◆ Input for this task
• • • • • • •

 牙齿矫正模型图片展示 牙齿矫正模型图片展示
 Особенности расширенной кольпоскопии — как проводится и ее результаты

• • • • • • •

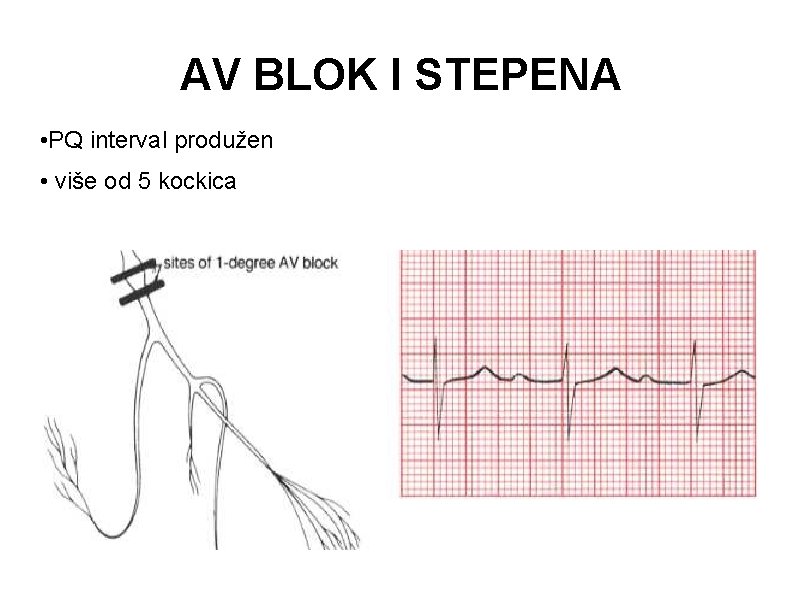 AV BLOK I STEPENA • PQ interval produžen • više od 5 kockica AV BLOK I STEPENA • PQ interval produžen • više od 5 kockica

• • • • • • •

◆ Assignment
Reproduce the lines above, beginning at the line with "牙齿矫正模型图片展示 牙齿矫正模型图片展示" and stopping after the line with "Особенности расширенной кольпоскопии", exactly as they are.

◆ The answer
 牙齿矫正模型图片展示 牙齿矫正模型图片展示
 Особенности расширенной кольпоскопии — как проводится и ее результаты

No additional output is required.